WHAT IS NEEDED –
This exercise asks for the entries to be repeated exactly, without their images.

PROVIDED DATA –
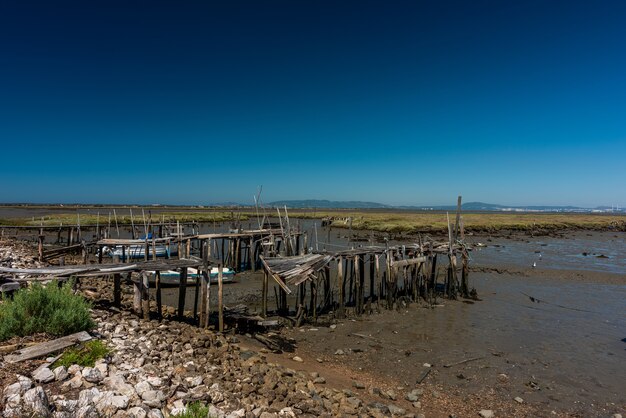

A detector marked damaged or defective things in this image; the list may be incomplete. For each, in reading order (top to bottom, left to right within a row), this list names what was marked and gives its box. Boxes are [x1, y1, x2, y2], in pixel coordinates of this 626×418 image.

broken wooden plank [3, 330, 92, 362]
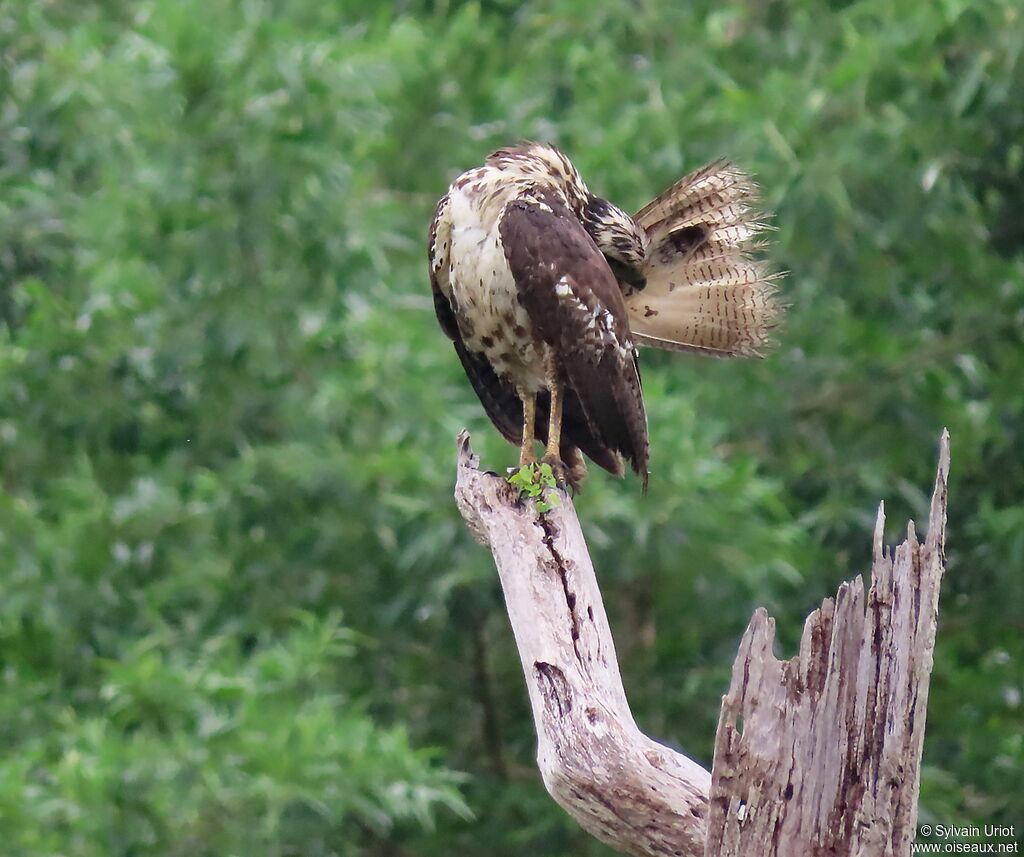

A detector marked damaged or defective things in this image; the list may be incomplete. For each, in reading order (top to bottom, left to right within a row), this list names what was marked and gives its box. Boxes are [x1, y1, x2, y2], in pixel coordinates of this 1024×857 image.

splintered wood [456, 434, 950, 855]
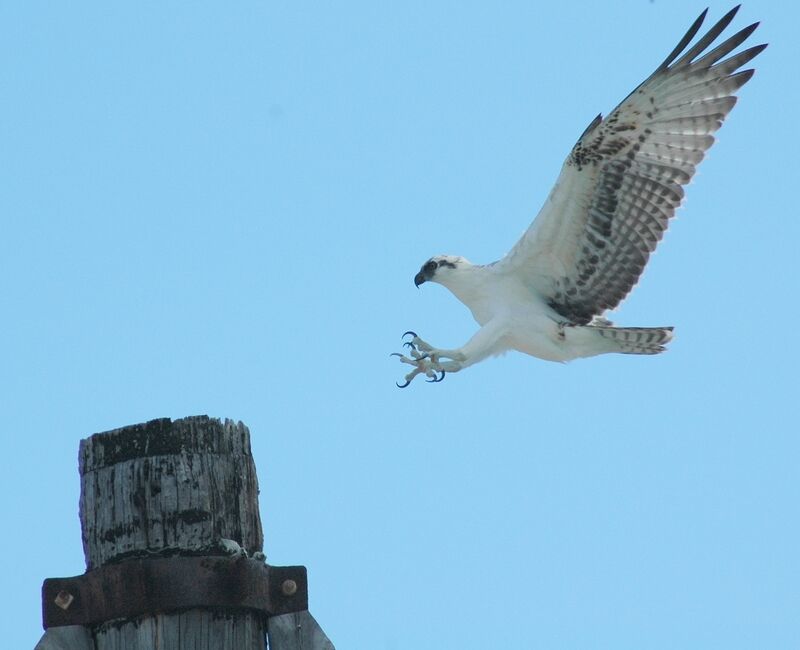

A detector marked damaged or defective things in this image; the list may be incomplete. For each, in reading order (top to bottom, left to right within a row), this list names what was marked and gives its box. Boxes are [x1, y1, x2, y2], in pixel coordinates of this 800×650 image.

rusty metal bracket [41, 552, 310, 628]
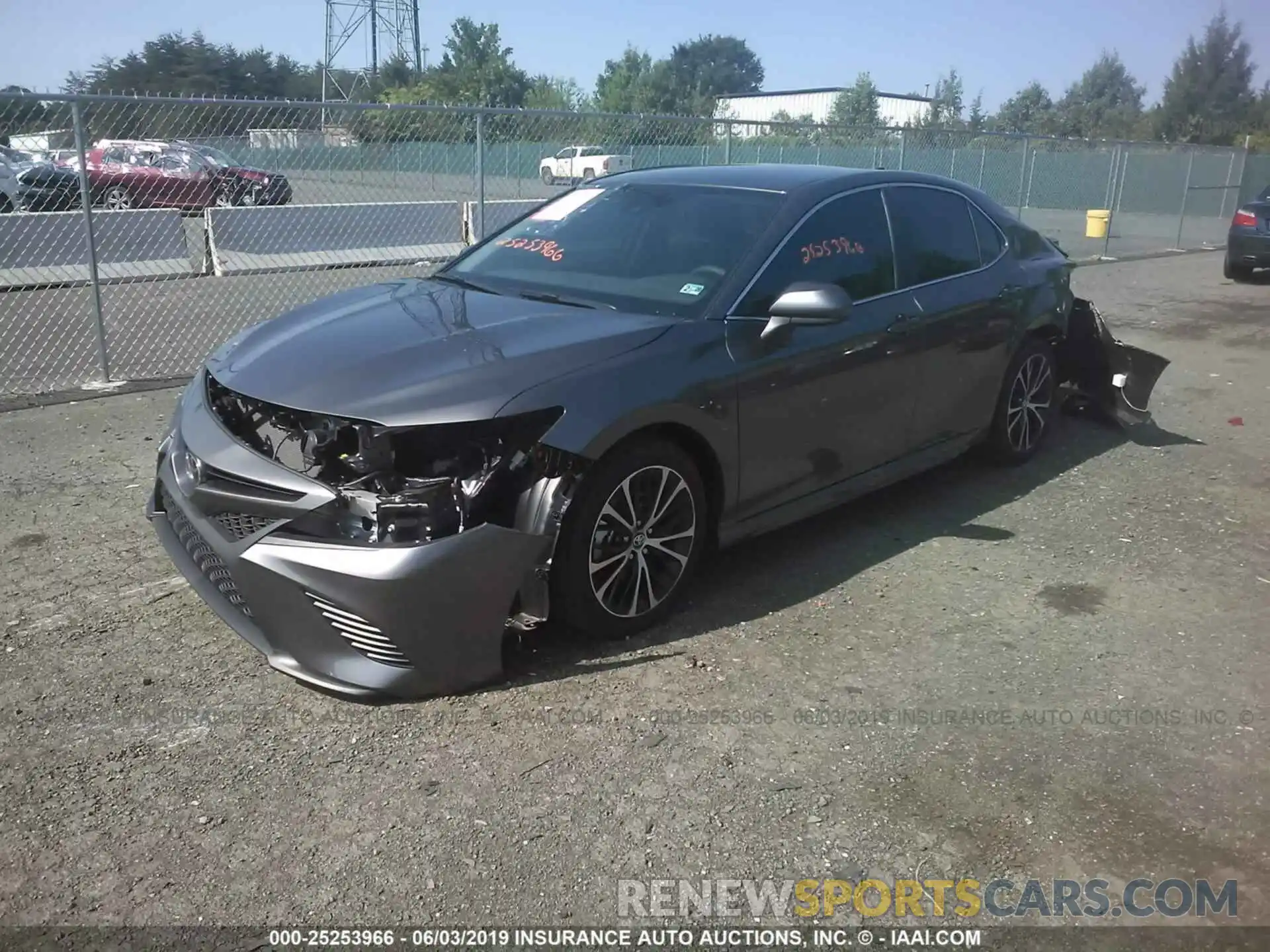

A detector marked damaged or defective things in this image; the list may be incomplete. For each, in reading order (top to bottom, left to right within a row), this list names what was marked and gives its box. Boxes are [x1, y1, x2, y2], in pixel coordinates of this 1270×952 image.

detached bumper cover [145, 373, 551, 700]
missing headlight opening [206, 376, 587, 551]
damaged gray sedan [144, 163, 1163, 700]
crumpled rear bumper [1051, 298, 1168, 424]
detached bumper cover [1051, 298, 1168, 424]
damaged front fender [1051, 299, 1168, 426]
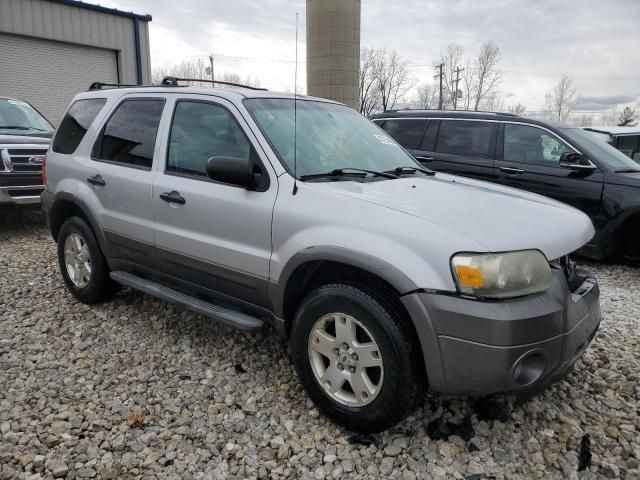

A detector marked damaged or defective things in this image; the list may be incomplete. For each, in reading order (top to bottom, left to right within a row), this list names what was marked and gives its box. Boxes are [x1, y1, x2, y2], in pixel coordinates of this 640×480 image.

broken headlight [452, 249, 552, 298]
damaged front bumper [404, 264, 600, 396]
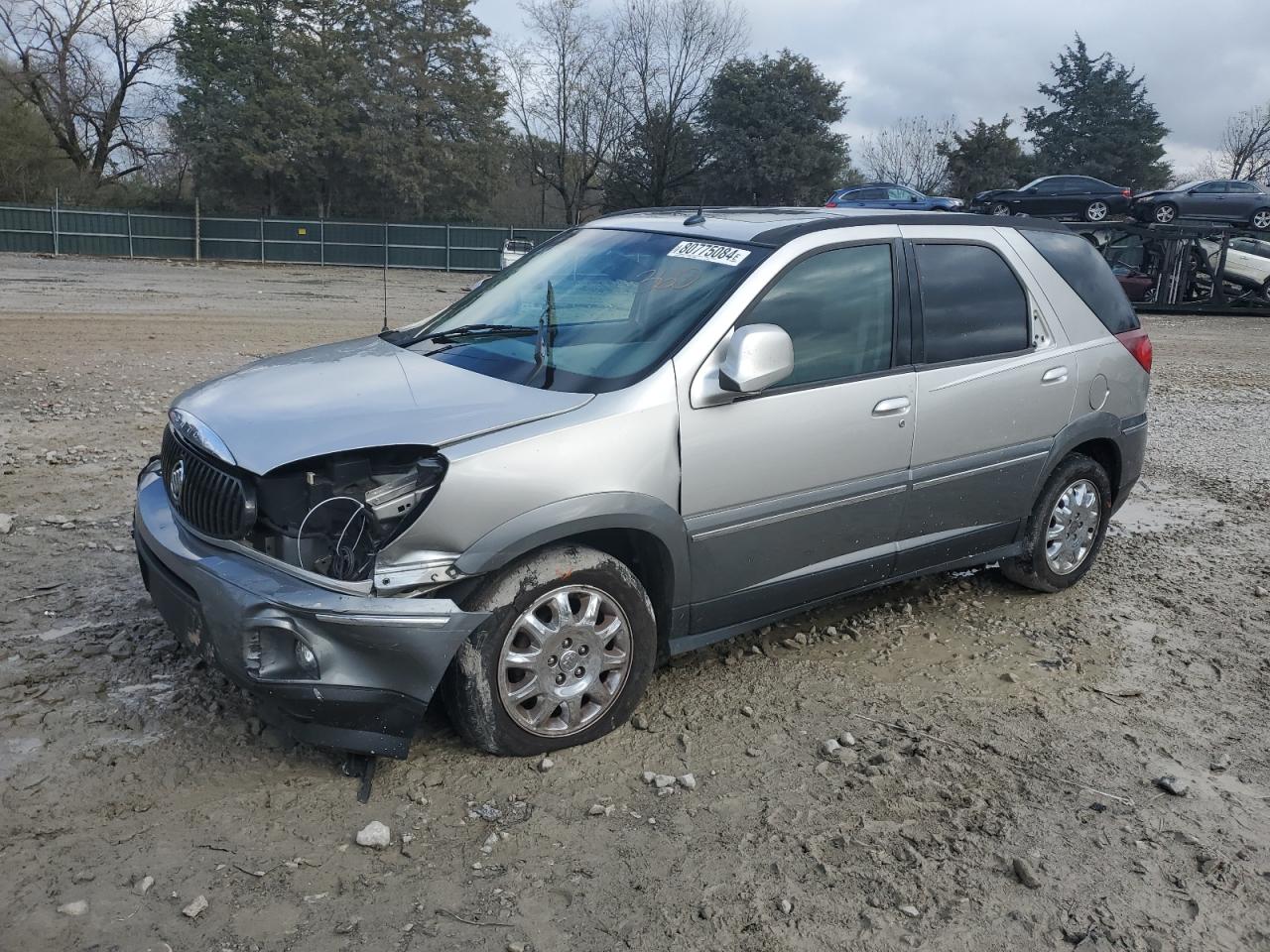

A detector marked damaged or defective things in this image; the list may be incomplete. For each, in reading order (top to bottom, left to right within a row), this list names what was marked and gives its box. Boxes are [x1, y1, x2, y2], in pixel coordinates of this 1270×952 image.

crumpled front bumper [130, 462, 486, 758]
missing headlight [249, 450, 446, 583]
damaged silver suv [134, 210, 1159, 758]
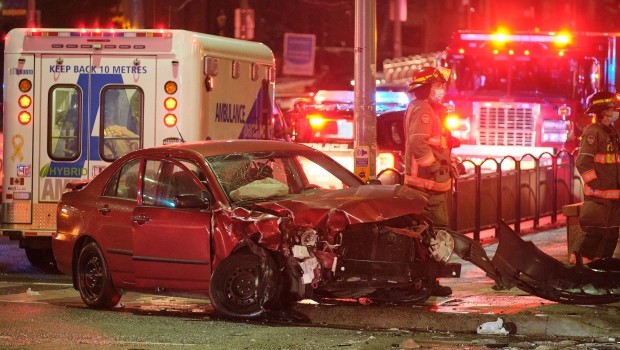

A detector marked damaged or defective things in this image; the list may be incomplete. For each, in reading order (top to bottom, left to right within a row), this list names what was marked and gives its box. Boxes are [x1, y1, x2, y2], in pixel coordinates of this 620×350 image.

severely damaged red sedan [52, 140, 460, 318]
shattered windshield [206, 150, 360, 204]
severely damaged red sedan [53, 140, 620, 320]
crumpled hood [251, 183, 426, 227]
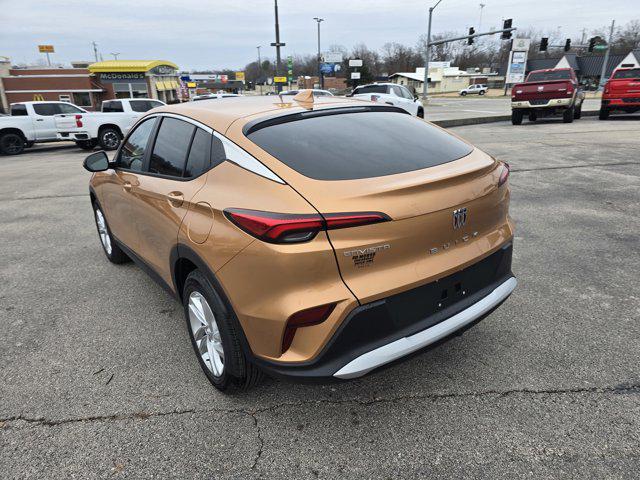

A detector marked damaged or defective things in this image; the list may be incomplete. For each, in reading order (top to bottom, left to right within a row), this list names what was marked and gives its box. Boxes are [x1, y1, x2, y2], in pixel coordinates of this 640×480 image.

crack in pavement [2, 382, 636, 432]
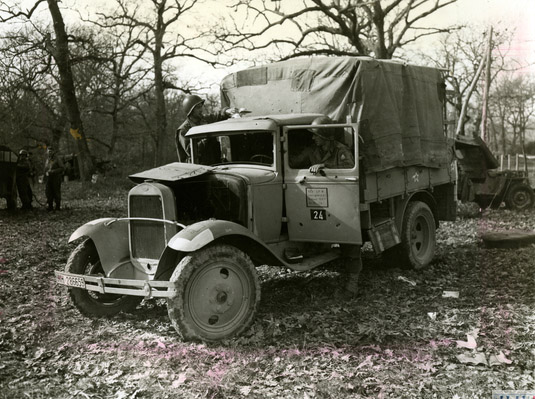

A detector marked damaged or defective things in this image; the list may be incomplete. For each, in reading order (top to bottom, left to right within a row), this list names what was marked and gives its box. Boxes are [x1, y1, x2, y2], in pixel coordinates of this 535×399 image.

dented hood [130, 162, 214, 184]
damaged military truck [55, 57, 456, 342]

SOLUTION FOR THIS TASK –
A detector marked damaged or defective things in this image; the list may be incomplete. For each, in reading order (top to bottom, left to right within a row), this list names what was marked and gives its box. Boxes are [x1, y1, x2, y2], in pixel coordinates of this 626×418 image.

broken wooden plank [3, 330, 92, 362]

A detector marked damaged or defective things in this image; the list may be incomplete. For each, in reading order (top to bottom, left to right within a row), this list names what was marked and gives its box. Boxes are [x1, y1, x2, y2], in pixel coordinates of this 1024×857 image.

splintered wood [456, 434, 950, 855]

A detector marked damaged or defective things in this image; the list may be incomplete. For each, in reading order (top to bottom, left to right within a row), this list names what was marked and gives its box. Boxes are [x1, y1, x2, y2], in pixel coordinates of this 800×650 image.

rusty metal bracket [41, 552, 310, 628]

A detector marked damaged or defective things in this image; the list may be incomplete. For each, in reading order (top to bottom, left to right within a row), this list names what was marked and gives its box. Boxes are [x1, y1, x2, y2], in pixel coordinates of this 1270×952 image.

detached bumper cover [145, 373, 551, 700]
missing headlight opening [206, 376, 587, 551]
damaged gray sedan [144, 163, 1163, 700]
crumpled rear bumper [1051, 298, 1168, 424]
detached bumper cover [1051, 298, 1168, 424]
damaged front fender [1051, 299, 1168, 426]

A detector marked damaged or defective things in this image; the list may be incomplete. For each, in reading order (top to bottom, left to right within a row), this list names what was marked and gives its box. Boxes are [x1, y1, x2, y2], in pixel coordinates of this 640×480 image.

broken headlight [452, 249, 552, 298]
damaged front bumper [404, 264, 600, 396]

A detector marked damaged or defective things in this image; the list may be incomplete. For each, in reading order (top to bottom, left to right within a row), this list names what was marked and gives its box. Boxes are [x1, y1, x2, y2], in pixel coordinates of this 1270×952 image.

crumpled front bumper [130, 462, 486, 758]
missing headlight [249, 450, 446, 583]
damaged silver suv [134, 210, 1159, 758]

A detector marked damaged or defective things in this image; the list may be incomplete. For each, in reading order (top to bottom, left to right within a row), this list names what was marked and gives its box. Boxes are [x1, y1, x2, y2], in pixel coordinates of this 620×350 image.

severely damaged red sedan [52, 140, 460, 318]
shattered windshield [206, 150, 360, 204]
severely damaged red sedan [53, 140, 620, 320]
crumpled hood [251, 183, 426, 227]

A detector marked damaged or defective things in this image; the list may be incomplete. For each, in reading order (top to bottom, left to right within a row), this list names what was marked and gives its box. Boxes are [x1, y1, x2, y2], in pixel coordinates of this 640×480 image.

crack in pavement [2, 382, 636, 432]

A detector marked damaged or defective things in this image; the list may be incomplete. For each, in reading order (top to bottom, left to right within a row), this list names what was marked and gives its box. Boxes are [x1, y1, x2, y2], in pixel coordinates of this 535×399 image.

dented hood [130, 162, 214, 184]
damaged military truck [55, 57, 456, 342]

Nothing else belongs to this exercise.